Le fait que le mot "statut" n'apparaisse pas devrait l'aider à le faire. Peur de se mouiller?


Ben ouais, on est conservateur ou on ne l'est pas.  Je suis prêt à parier que l'excuse pour ne pas signer sera une escuse de "forme" (pas prévenu à temps... quelque chose dans ce
genre). 


Sur l'absence françou, a commencer à te répondre:


Sur la non- existence du mot statut , je trouve,moi,cela assez fin.


Grégoire à approfondi


Tout simplement parce que le principe d'une synthèse entre des partenaires qui ne cherchent pas à gommer
leurs différences ( sinon la fusion entre tous se serait imposée depuis longtemps ) implique de trouver le plus petit dénomminateur commun.

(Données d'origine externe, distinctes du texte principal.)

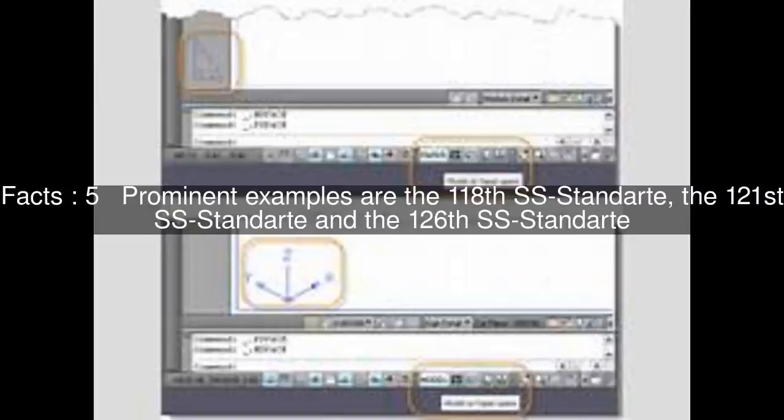Prominent examples are the 118th SS Standarte, the 121st SS Standarte, and the 126th SS Standarte.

Et j'ajoute que le mot "statut" est trop connoté (la faute à qui?), comme EPEP. Ces mots qui ne sont que des "coquilles" dont le contenu est à définir, sont devenus des concepts fermés qui
excluent le débats.


C'est pourquoi nous nous sommes plutôt attachés à décrire le contenu:


La direction d'école, aujourd'hui, doit conjuguer Etre
et Avoir  


- clarifier et préciser les responsabilités des directrices et directeurs d'école
- revoir le décret de 89 inadapté et obsolète face à l'empilement des responsabilités et aux évolutions de l'école, notamment dans ses relations avec les communes
- redéfinir le cadre juridique, administratif, légal de la direction d'école
- répondre aux besoins de reconnaissance des directrices et directeurs d'école  


Maintenant à toi de répondre.


 



merlin 05/06/2010 18:39



" Le SE a sa carte à jouer"; certes, et c'est de bonne guerre. Maintenant, il faudra du concret pas seulement des intentions. Si ces bonnes intentions se traduisent dans des faits, alors oui, le
Snuipp a des cheveux à se faire, car ne doutons pas que nous serons nombreux à nous souvenir que nous étions syndiqués... et pas mal au SE... et il ne faut pas douter que les dirlos sauront
reprendre leur carte .


Hors , les dirlos sont une force non négligeable dans une école. Leur avis est important les jours de mobilisation. Les syndicats l'avaient oublié, certains peut-être s'en souviennent aujourd'hui
et il serait normal qu'ils y trouvent un intérêt. Tant pis pour les intégristes anti dirlos.


 



Grégoire 05/06/2010 13:09



Pourquoi l'absence du mot statut ?


Tout simplement parce que le principe d'une synthèse entre des partenaires qui ne cherchent pas à gommer leurs différences ( sinon la fusion entre tous se serait imposée depuis longtemps )
implique de trouver le plus petit dénomminateur commun. Je comprends aisement que cette dialectique échappe au SNUIPP persuadé d'être l'avant garde éclairée du troupeau. Mais c'est là leur
faiblesse : on n'est plus des lemmings!


Et il me semble que c'est déjà énorme et d'avoir toutes ces signatures au bas d'un texte qui revendique l'ouverture d'une concertation sur le pilotage de l'école et la reconnaissance spécifique
des difficultés des directeurs.


Si la porte s'ouvre nul doute que les discussions conduisent naturellement à envisager la reconnaissance ( être et avoir ) de ce métier.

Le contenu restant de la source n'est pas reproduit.